Wintermute’s analysis argues that Bitcoin miners are no longer dealing with a temporary cyclical squeeze, but with a deeper structural compression of profitability. The report presents the current mining environment as a lasting shift that is forcing firms to rethink both treasury management and operating models.
That conclusion carries broader market weight because miners collectively control about 1% of Bitcoin’s supply and are increasingly relying on reserve sales and balance-sheet tools to finance new initiatives. The change is reshaping how miners interact with custodians, lenders, exchanges, and trading desks that support the sector.
From Cyclical Stress to Structural Margin Compression
Wintermute’s view is that the current downturn cannot be explained as a normal post-halving adjustment alone. Peak gross margins in this cycle were cited near 30%, a level the firm described as historically closer to bear-market lows than to a healthy expansion phase.
Bitcoin’s price performance has also failed to offset the halving shock the way it did in prior cycles. The report said Bitcoin delivered only about a 1.15x return in this cycle, well below the two-times move that historically helped absorb the 50% reduction in block rewards.
That shortfall has left miners more exposed to operational strain. Revenue from block rewards has weakened while network difficulty, hardware spending, power costs, and infrastructure intensity have continued to pressure less efficient operators.
Wintermute also described transaction fees as an unreliable relief valve. Fee spikes may provide short bursts of support during specific network events, but they do not offer the kind of steady structural income miners need to stabilize margins.

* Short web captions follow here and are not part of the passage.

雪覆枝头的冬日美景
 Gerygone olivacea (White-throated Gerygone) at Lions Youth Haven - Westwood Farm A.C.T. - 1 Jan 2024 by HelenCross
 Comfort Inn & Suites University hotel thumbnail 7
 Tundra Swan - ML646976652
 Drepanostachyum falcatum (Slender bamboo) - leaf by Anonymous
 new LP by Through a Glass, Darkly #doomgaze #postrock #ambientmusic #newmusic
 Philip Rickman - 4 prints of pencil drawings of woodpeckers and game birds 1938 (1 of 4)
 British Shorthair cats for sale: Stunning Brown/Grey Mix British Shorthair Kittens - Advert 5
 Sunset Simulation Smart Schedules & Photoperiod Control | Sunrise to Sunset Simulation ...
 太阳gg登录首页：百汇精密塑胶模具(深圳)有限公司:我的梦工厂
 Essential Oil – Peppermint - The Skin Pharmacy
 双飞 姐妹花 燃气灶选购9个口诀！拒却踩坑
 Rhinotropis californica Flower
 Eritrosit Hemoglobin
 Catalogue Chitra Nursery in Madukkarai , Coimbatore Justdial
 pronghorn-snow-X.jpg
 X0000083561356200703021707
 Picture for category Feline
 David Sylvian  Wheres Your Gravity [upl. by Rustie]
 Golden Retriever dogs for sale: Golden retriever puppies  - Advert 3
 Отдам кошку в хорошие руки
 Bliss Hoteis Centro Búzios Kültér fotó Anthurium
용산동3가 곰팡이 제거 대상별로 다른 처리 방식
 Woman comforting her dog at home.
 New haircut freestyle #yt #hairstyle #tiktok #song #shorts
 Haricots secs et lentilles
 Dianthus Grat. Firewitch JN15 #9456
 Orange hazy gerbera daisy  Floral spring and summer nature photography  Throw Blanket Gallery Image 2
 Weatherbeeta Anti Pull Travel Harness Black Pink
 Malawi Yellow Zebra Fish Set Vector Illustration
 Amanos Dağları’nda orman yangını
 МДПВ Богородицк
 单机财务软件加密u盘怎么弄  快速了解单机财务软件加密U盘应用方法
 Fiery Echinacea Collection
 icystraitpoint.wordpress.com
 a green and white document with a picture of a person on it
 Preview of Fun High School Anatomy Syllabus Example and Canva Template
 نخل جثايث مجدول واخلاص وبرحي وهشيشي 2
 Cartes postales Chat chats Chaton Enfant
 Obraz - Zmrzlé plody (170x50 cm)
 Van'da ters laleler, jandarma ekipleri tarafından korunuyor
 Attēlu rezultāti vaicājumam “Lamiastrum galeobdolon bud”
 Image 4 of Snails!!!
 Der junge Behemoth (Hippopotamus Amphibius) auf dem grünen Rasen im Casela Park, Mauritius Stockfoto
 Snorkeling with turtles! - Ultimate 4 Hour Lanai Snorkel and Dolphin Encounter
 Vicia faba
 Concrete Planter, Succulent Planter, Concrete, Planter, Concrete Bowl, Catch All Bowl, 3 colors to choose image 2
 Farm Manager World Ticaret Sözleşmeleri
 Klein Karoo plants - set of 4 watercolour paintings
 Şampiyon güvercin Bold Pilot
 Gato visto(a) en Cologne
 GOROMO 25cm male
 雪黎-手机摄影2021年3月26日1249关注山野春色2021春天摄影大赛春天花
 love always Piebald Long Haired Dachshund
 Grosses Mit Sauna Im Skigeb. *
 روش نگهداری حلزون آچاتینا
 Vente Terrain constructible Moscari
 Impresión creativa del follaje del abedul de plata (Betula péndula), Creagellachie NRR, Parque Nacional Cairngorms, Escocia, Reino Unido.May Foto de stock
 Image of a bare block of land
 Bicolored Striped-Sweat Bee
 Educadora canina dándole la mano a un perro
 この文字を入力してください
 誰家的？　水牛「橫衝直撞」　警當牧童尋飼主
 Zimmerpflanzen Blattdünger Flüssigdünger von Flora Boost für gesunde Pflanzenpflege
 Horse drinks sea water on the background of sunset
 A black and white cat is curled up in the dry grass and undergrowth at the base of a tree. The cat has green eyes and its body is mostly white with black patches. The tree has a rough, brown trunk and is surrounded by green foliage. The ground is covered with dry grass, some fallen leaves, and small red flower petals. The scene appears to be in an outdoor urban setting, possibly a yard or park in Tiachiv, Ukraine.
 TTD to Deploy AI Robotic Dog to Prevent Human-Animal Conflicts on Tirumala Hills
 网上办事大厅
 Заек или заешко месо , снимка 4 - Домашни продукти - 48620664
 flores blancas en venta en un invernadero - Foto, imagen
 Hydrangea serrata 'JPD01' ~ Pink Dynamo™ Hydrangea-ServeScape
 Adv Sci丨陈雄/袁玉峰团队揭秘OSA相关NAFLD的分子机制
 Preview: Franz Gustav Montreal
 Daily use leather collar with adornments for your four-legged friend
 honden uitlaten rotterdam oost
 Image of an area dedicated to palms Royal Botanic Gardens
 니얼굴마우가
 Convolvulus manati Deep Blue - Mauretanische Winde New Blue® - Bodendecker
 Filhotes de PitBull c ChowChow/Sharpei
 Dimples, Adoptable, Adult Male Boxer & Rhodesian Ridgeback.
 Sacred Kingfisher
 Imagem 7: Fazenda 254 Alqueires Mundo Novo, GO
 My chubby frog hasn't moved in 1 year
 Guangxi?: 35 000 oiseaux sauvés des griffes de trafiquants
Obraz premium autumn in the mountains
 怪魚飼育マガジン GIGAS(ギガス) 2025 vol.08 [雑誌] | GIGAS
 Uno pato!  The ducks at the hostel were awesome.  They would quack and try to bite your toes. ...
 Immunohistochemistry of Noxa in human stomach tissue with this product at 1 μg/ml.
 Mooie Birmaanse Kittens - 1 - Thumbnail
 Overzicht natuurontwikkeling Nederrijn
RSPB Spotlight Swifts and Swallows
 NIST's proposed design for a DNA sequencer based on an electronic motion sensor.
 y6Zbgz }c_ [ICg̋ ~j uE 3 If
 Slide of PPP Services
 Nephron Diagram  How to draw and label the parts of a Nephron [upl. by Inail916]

Why Treasury Strategy Has Become Central
Against that backdrop, Wintermute argues that passive reserve management is now a liability rather than a virtue. The report says the old “HODL era” no longer fits a market where inactive Bitcoin reserves can limit reinvestment capacity and reduce debt-servicing flexibility.
Instead, the firm says miners need to treat Bitcoin holdings as working capital. Wintermute outlined financial overlays such as BTC put options, covered calls, cash-secured puts, and selective on-chain lending as tools that can protect downside and generate additional income from idle reserves.
The report pointed to hedging as more than a theoretical exercise. One cited case showed that an active hedging strategy preserved more than 19.5% of Bitcoin value, illustrating how treasury tools can materially improve resilience in a compressed-margin environment.
Wintermute also sees an operational pivot taking shape beyond finance. The firm argued that miners are increasingly repurposing land, power, and cooling capacity toward AI and high-performance computing workloads, which it described as offering more stable revenue per gigawatt-hour than traditional mining alone.
That transition is already being funded in part through reserve sales. Wintermute estimated that about $8 billion of Bitcoin reserves are in motion as miners use strategic sales to support diversification into new infrastructure businesses.
A New Role for Miners in the Market
The broader implication is that mining companies are being pushed into a different identity. Wintermute’s conclusion is that miners now need to operate as sophisticated financial managers and infrastructure providers rather than simply as holders of cyclical upside.
That shift will have direct consequences for market infrastructure. Custodians and lenders are likely to face greater demand for segregated custody, structured hedging products, and short-term liquidity solutions, while exchanges and OTC desks may need to handle larger and more carefully staged reserve sales.
In that environment, miners that fail to adopt active treasury and diversification strategies may face consolidation pressure or weaker access to capital. Those that successfully combine financial overlays with AI or HPC expansion may be better positioned to secure steadier cash flows and attract a broader investor base.